“If the pace had been faster and steadier, my time could have been a lot quicker,” Abeylegesse told the reporters after the event. “I felt easy at 15 km (48:03) and it was only then I decided to start pushing the pace.”
With the temperature at 18°C (64°F) at the start, conditions were very good for racing. The opening 5 km was slightly conservative for this notoriously fast race (16:02), but the pace quickened in the second 5 km segment, passing through 10-K in 31:54. Through 15-K five women remained with Abeylegesse, all Ethiopians: Teyba Erkesso, Aselefech Mergia, Koren Jelela, Aselefech Mergia and Mare Dibaba**.
Abeylegesse was ready to pounce. She reacted to a move by Erkesso, then blew through the 20-K mark with a 15:44 5 km segment behind her. Holding her pace, she broke the tape first, with Dibaba following in a national record 67:13, Mergia in a personal best 67:22, and Tune –who is in heavy training for the Boston Marathon — in fourth.
The men’s contest was won by Kenya’s Geoffrey Mutai in 59:43. He defeated Ethiopia’s Deriba Merga, the defending Boston Marathon champion, who dropped out at 18-K, and Merga’s compatriot, Tadese Tola, the reigning New York City Half-Marathon champion, who broke the one hour mark for the first time in 59:49. Third place went to Kenyan Titus Masai in 59:51, a personal best. Patrick Makau’s course record of 58:52 was never under threat.

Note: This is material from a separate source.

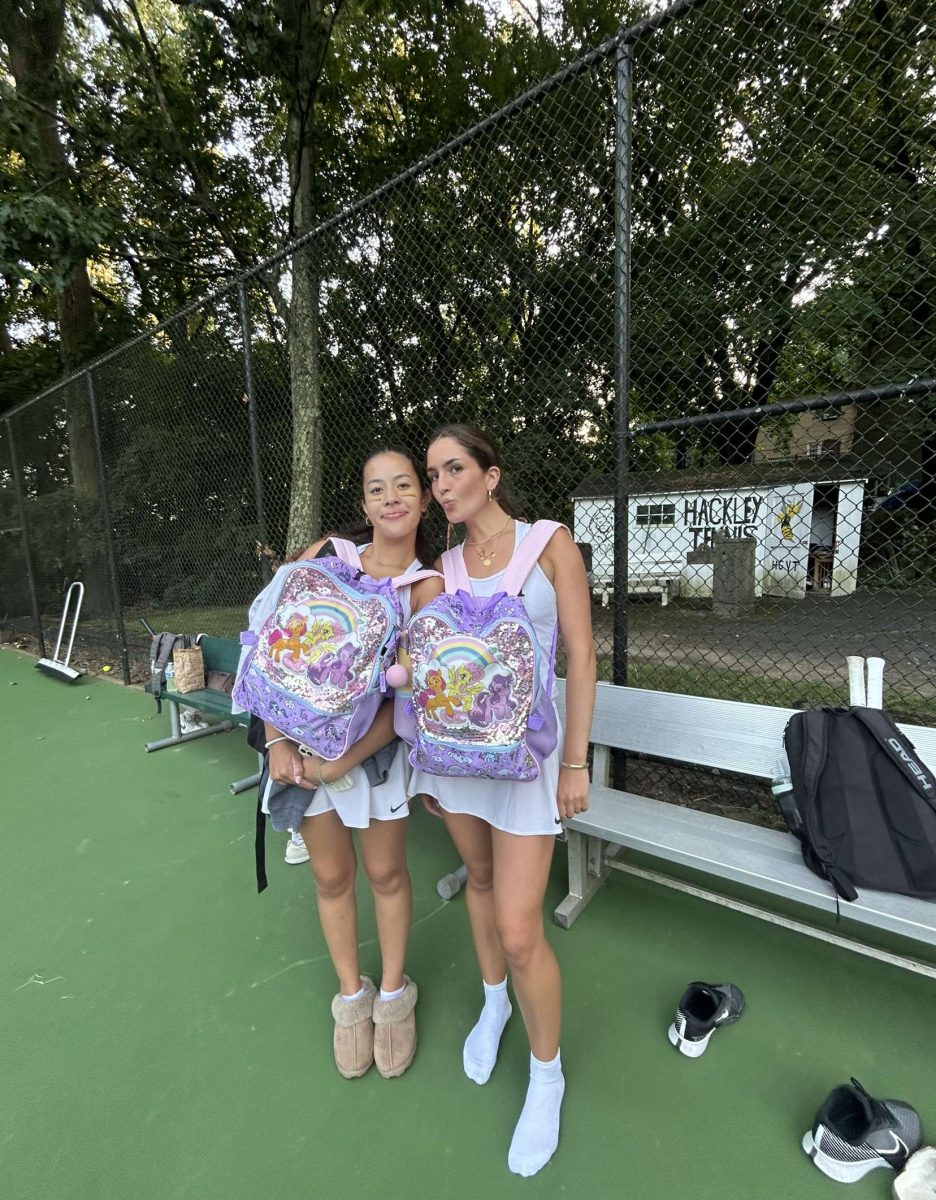 Senior tennis captains Isabella Barriera and Frances Clifford showcase their matching My Little Pony backpacks on the tennis courts. This fun activity allowed some to team up with friends and match with them. Their coordinated backpacks show the friendship and spirit shared among the senior athletes.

Both Abeylegesse and Mutai earned USD 20,000 in prize money, but Abeylegesse also earned a USD 5,000 course record bonus.
Organizers reported a record field of about 2000 entrants; the number of official finishers was not immediately available.
*The USA’s Kara Goucher ran 66:57 in her debut at the slightly aided Great North Run, from Newcastle to South Shields, England, in 2007
**This athlete, born “Hurssa Mare Dibaba” in Ethiopia, became a citizen of Azerbaijan June, 2009, but has reverted back to Ethiopian citizenship, according to Pierre Weiss of the IAAF.